Purpose: To assess the clinical presentation and long-term visual outcome in a series of patients with craniopharyn-gioma.
Methods: Retrospective case review.
Results: Thirty-six patients were reviewed, comprising 19 female patients and 17 male patients. The age range was 2-77 years with a bimodal distribution of 17 children (mean age 10 years) and 19 adults (mean age 47 years). Blurred vision was the most common visual complaint (23 cases, 64%) and headache the most frequent systemic complaint (19 cases, 53%). The average duration of systemic symptoms was 45 weeks compared to 10 weeks for visual symptoms. Deficits in visual acuity occurred in 13 patients (36%) and showed no significant change from initial presentation to final review. Sixteen patients (44%) had bitemporal hemianopia on presentation and pleomorphism (change from one type of visual field defect to another) occurred in 11 patients. Recurrence of tumour occurred in 15 patients (42%) and was more likely in children (59%) than adults (26%). The mean time period to recurrence was 7 years. The average follow-up period for all cases was 10 years.
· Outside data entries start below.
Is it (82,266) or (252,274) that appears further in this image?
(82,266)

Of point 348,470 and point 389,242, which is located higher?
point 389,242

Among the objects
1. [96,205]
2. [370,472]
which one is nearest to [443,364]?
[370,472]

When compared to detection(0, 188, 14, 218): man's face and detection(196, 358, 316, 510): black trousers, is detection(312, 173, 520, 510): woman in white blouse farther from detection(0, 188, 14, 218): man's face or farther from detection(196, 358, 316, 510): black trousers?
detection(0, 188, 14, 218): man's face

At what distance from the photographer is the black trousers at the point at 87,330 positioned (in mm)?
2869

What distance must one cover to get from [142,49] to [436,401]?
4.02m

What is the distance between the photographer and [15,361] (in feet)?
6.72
Conclusion: Patients with craniopharyngioma generally present late, and the visual symptoms are often preceded by a long history of systemic symptoms. Children are more likely to present with systemic symptoms than adults. Visual field pleomorphism is a feature of craniopharyngioma and occurred in one-third of the patients. Local recurrence is common. Although magnetic resonance imaging is the recommended means of follow up, regular neuro-ophthalmic review is useful in the early detection of anterior visual pathway compression by recurrent tumour.